- Under the new CPA, a 'strict liability' will be enforced not only on the trader but also on the product manufacturer.
- A praiseworthy change is the introduction of mediation in the litigation route.
Henry Ford famously commented: “It is not the employer who pays the wages – they only handle money. It is the customer who pays the wages”. With the rise in digital connectivity, consumer awareness in India is witnessing an unprecedented rise. Correspondingly, the government has introduced various consumer-centric initiatives with businesses now increasingly being at the receiving end of consumer-centric actions and notices from the authorities. It is against this context that the new Consumer Protection Act, 2019 (CPA) is set to be notified.
Introducing new concepts
While the Supreme Court under the old CPA had granted relief in several matters where contracts were one sided, the new CPA provides for a separate cause of action in case of “unfair contract”. This clearly indicates the mindset of the government to regulate even contractual arrangements between private parties, in case where one of the parties is a consumer and his/her rights are being impacted. Unfair contracts specifically include situations such as excessive security deposits/ penalties, unilateral terminations and unreasonable charges being levied.
Under the old CPA, liability was primarily cast upon and actions were taken against traders or service providers – who typically would have an interface with the ultimate consumer. However, under the new CPA, with the introduction of a separate chapter on “product liability”, a “strict liability” will be enforced not only on the trader but also on the product manufacturer. In fact, the product manufacturer/ seller/ service provider will be held liable even if he proves that he was not negligent or fraudulent in making express warranty of the product.

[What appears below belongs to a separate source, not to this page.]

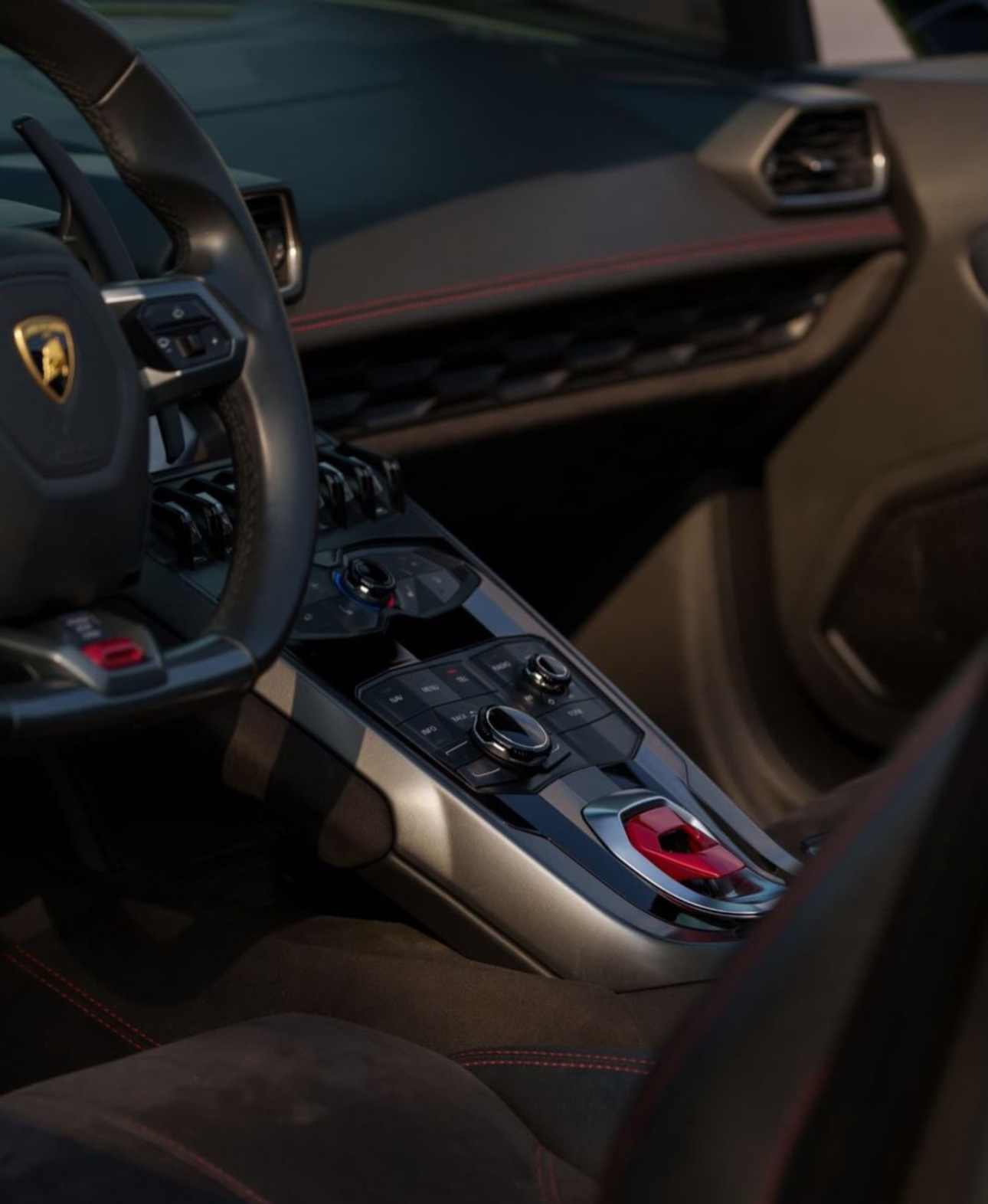 Lamborghini Huracán Spyder photo 3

Central Consumer Protection Authority mooted
The new CPA envisages the establishment of Central Consumer Protection Authority (CCPA), which will be headquartered in New Delhi, though it could have regional offices across the country. This body will perform multiple roles – it can investigate into cases (equipped with its own investigation wing), it can pass necessary orders against offenders and it can also advise as regards best practices. In fact, even advertisements, which were previously regulated by the self-regulatory body of Advertising Standards Council of India (ASCI) will now be under the purview of the CCPA. More pertinent, however, and perhaps a red flag for businesses is that the CCPA can take actions on its own, without a complaint being filed by any consumer, in case it feels that the rights of consumers as a class/public interest is being impacted. The CCPA is set to fight battles on behalf of the consumers, an added reason for business to be cautious and compliant. Also, should it deem fit, the CCPA can also notify other regulators (e.g. Competition Commission of India, Trai) who may also be concerned about the relevant issue and vice versa, i.e. the CCPA may initiate action under the new CPA should the product-specific regulator initiates action against manufacturers / service providers.
Inclusion of e-commerce and introduction of mediation
Critically, the new CPA will also regulate “e-commerce” and “electronic service providers” (who advertise/ promote sales of suppliers). There is however ambiguity on this front as the exact regulatory regime is unclear (given that the relevant e-commerce rules have not yet been notified). With the new Data Protection Bill expected any time soon, the new CPA also makes a provision for “unfair trade practices” including sharing of personal data given in confidence by the customer.
A praiseworthy change is the introduction of mediation in the litigation route. The District Forums, before hearing the case and if both parties agree, can suggest mediation, which can give an additional chance for parties to settle the case amicably. Also, under the old CPA, the amount of pre-deposit to be made (for filing appeals) was capped to a nominal amount. Under the new CPA, with no cap, it is fixed at 50 percent of the amounts awarded, which may result in a significant increase in litigation costs.
The new CPA is no doubt a notable transformation from the old CPA. Businesses now need to be prepared for greater risk exposure. While the rules are yet to be notified - which would hint on the exact extent of regulation – especially as regards the manner in which the CCPA will function and rules governing e-commerce entities – one can easily expect a rise in consumer protection-related litigation, with the added possibility of multiple regulators being involved in a particular issue and with all modes of its operation (online/offline) being liable to questioning. In preparation for this new regulation, businesses will need to carry out complete health-check of their contracts, offers, processes, advertisements etc. to ensure compliance under the new CPA and adequately justify the positions taken. It is better to err on the side of caution.